» **WHAT THE TASK ASKS**: Only one span is wanted from the lines below: from the one with "RunX RSI Black edition- 2ZZGE NATION" up to and including the one with "adidas Performance Hættetrøje". Copy it exactly, without images.

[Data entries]
--
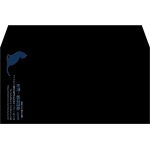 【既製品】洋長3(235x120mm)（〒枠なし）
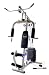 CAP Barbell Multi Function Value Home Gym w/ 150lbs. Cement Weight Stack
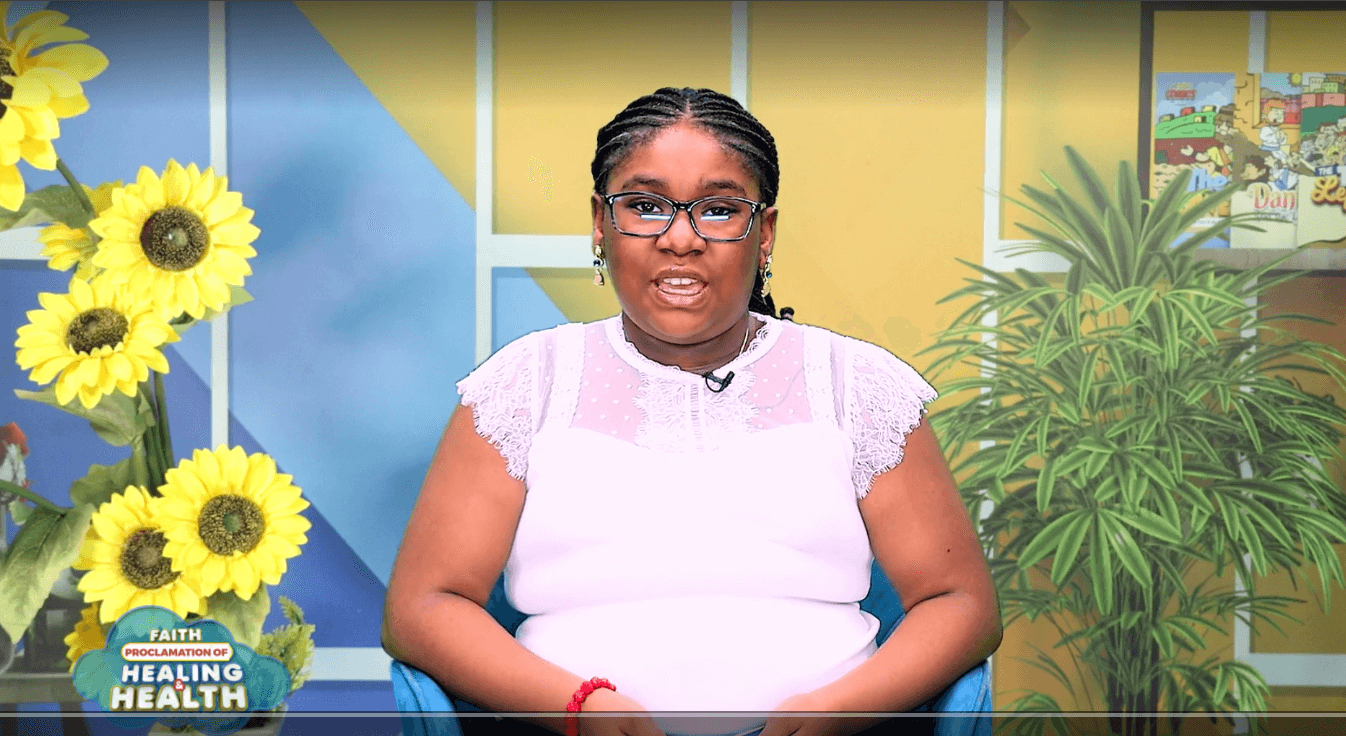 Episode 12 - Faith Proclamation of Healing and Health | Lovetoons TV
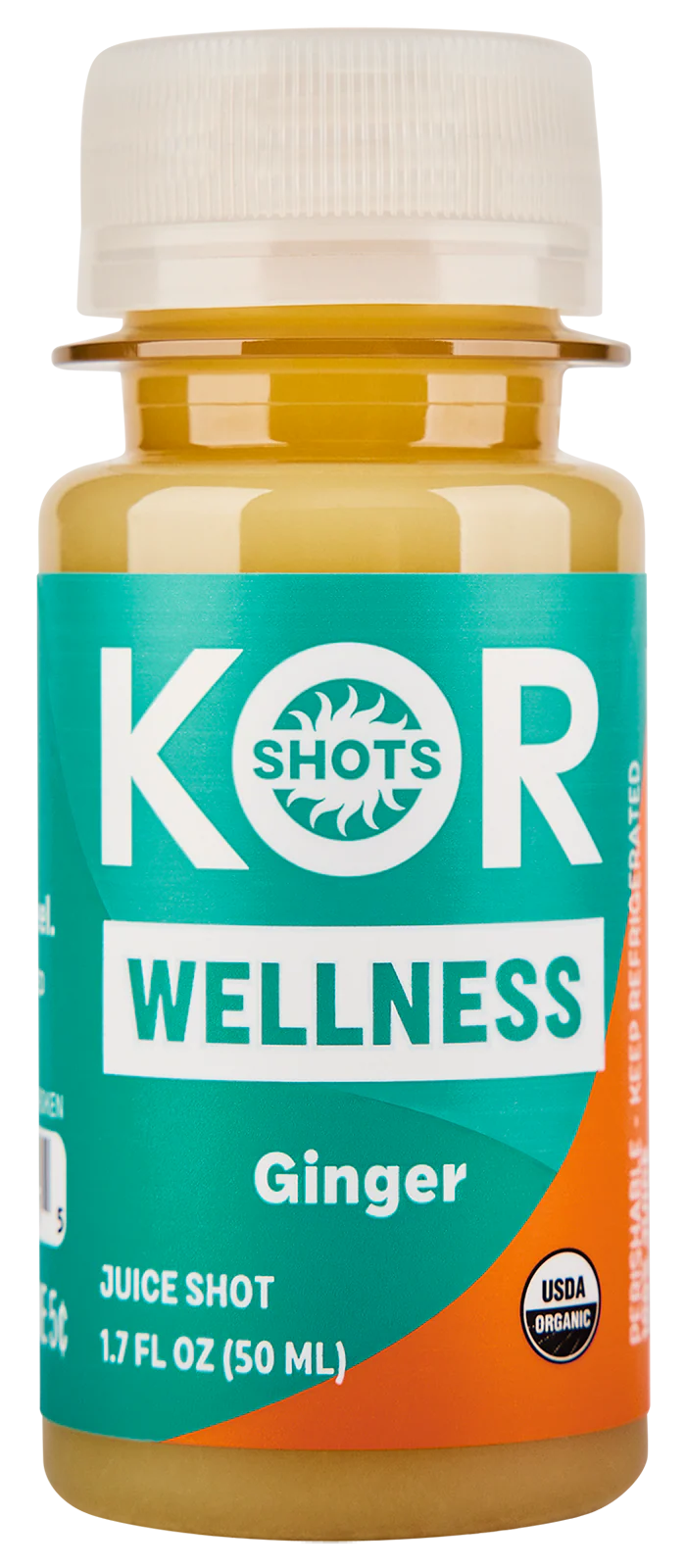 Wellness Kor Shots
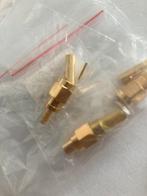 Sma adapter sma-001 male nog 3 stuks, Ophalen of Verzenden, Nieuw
--
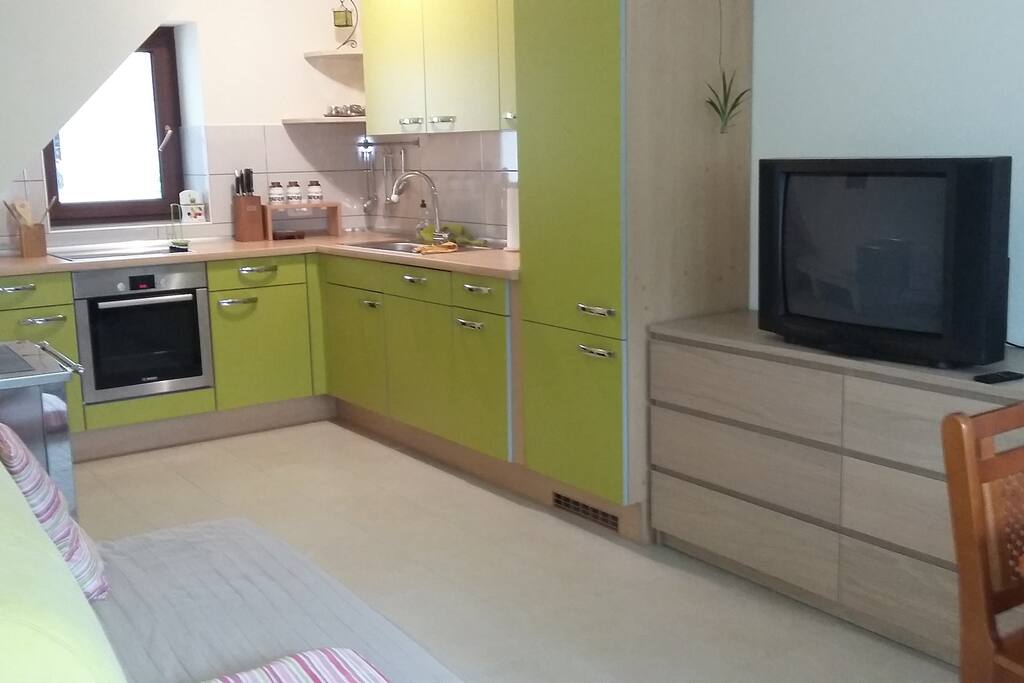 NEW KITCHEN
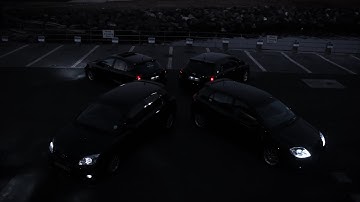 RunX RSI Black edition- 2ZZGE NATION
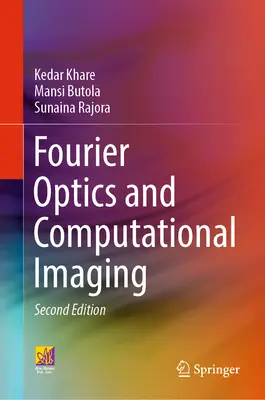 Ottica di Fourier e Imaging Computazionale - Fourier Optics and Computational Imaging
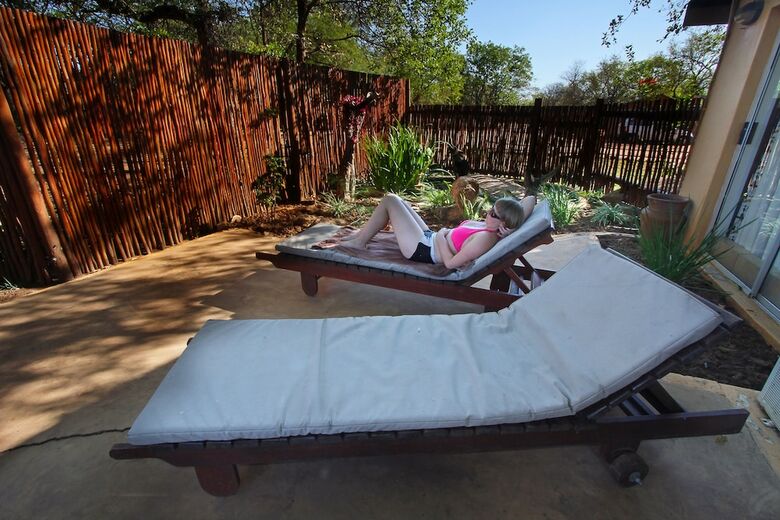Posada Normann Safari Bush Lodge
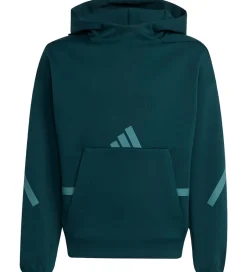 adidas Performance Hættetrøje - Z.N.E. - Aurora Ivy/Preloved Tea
--
» **OUTPUT FOR THIS EXERCISE**:
 RunX RSI Black edition- 2ZZGE NATION
 Ottica di Fourier e Imaging Computazionale - Fourier Optics and Computational Imaging
Posada Normann Safari Bush Lodge
 adidas Performance Hættetrøje - Z.N.E. - Aurora Ivy/Preloved Tea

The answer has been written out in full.